Thirty-nine obese women were recruited from three urban African-American churches. After randomization and the collection of baseline data on weight and lifestyle practices, subjects in the experimental group (n = 19) were assigned to receive a 14-week weight loss program (PATHWAYS) conducted by trained lay volunteers; control group subjects (n = 20) were put on a waiting list to receive the program at the conclusion of the study period.
Of the 39 women enrolled, 15 experimental group subjects and 18 control group subjects were available for posttreatment data collection. After completing the program, PATHWAYS participants lost an average of 10.0 lb, and the control group subjects gained an average of 1.9 lb. Posttreatment difference in weight loss between the groups was statistically significant (P < 0.0001). Waist circumference among PATHWAYS participants decreased 2.5 inches, while waist circumference among control group subjects remained relatively the same.
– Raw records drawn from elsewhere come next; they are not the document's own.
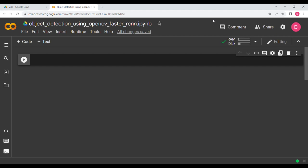In this video we are going to do object detection using OpenCV Python, and the model we are going to use is Faster RCNN. The first thing we need to do is import the basic stuff, but before that we need to clone a GitHub repository.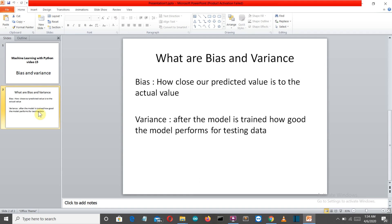So this is it for this video. This was a short introduction of what bias and variance are. We'll see these topics more clearly when we actually work on complex machine learning models. I'll create more videos on these simple terminologies because this is very important to understand. I'll meet you in the next lecture. Bye-bye.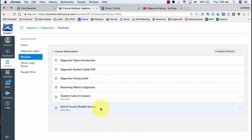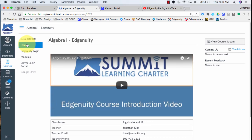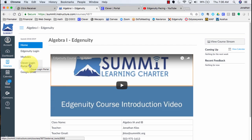Let's go back to the homepage in Canvas. You'll notice there are no assignments here. To actually work on your Edunuity class, you need to log into Edunuity. To do that, you can go to the Edunuity login page by clicking this button right here in the menu, or you can go through the Clever login portal that you use to access all your classes.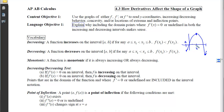Next we have new vocabulary: monotonic. A function is considered monotonic if it is either always increasing or always decreasing — if it doesn't shift back and forth.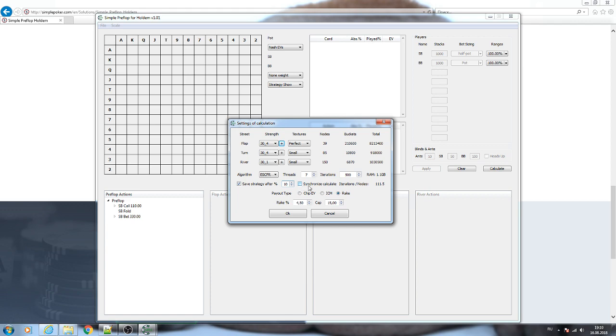This option, Synchronous Calculate, is recommended to be used when the process calls the same space of RAM at the same time. We recommend just not to check this option. In the end, you need to choose which model you will use during the calculation: Chip EV, ICM, or Rake.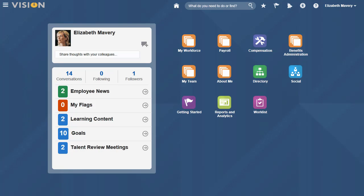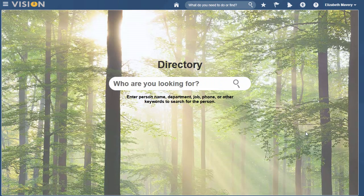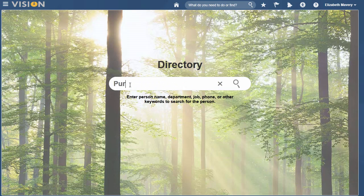Oracle HCM Cloud lets you, the employee, access information from your organization's directory easily from any device. Finding the right people is easy with keyword search. Just enter part or all of the person's name, department, job, phone, email address, or any other contact information.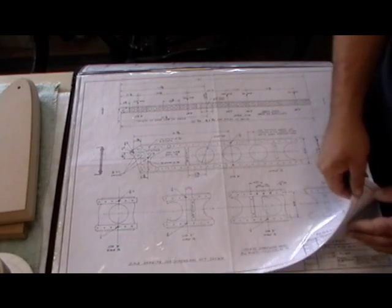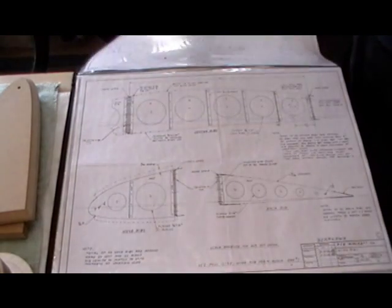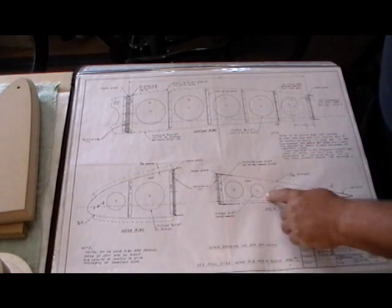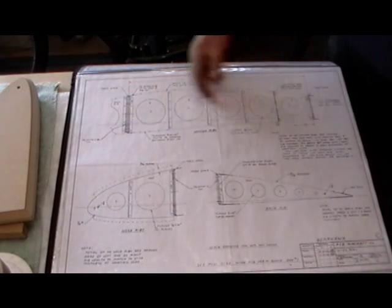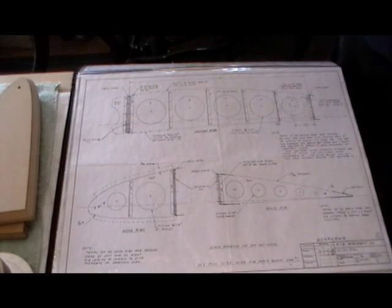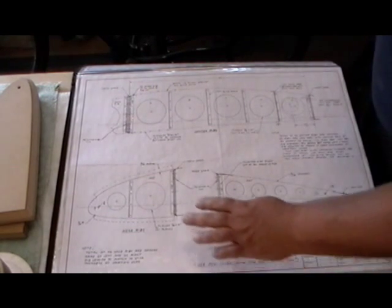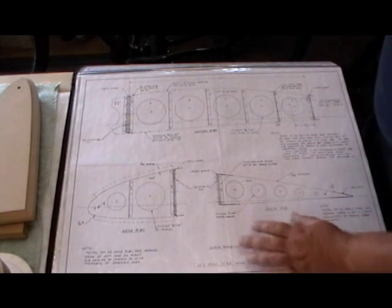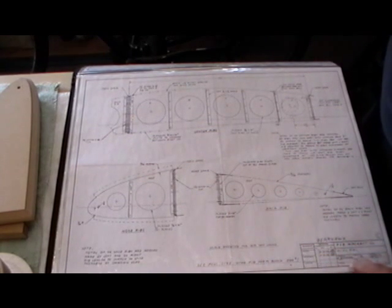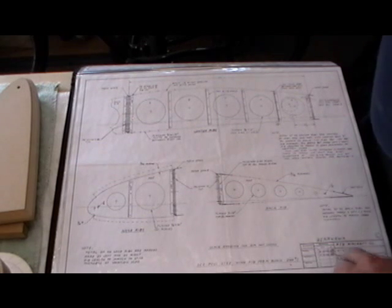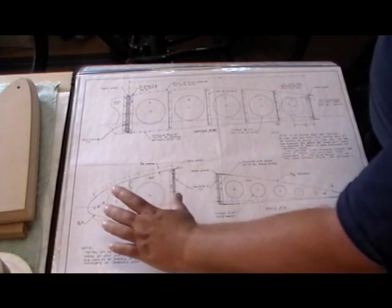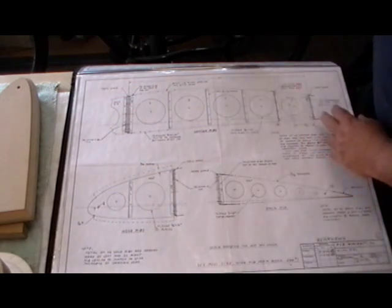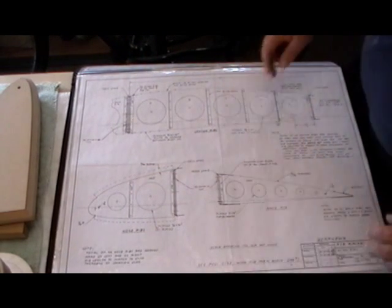So moving along, getting to the pertinent stuff that we're going to talk about today. Here are the ribs. Here's the nose rib, the back rib, and the center rib or the mid rib as I've been calling it online. Each one of these here are represented in a scaled fashion. It says scale is one half. So this rib right here is approximately one half, 50% of its normal size as is this and this.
This difference between the groups was statistically significant (P < 0.05).
A weight loss program administered by trained lay volunteers was effective in producing significant and clinically meaningful weight loss among African-American women who often do not benefit from typical weight loss programs. Ongoing research is focusing on whether the weight loss can be maintained or enhanced through monthly reinforcement sessions.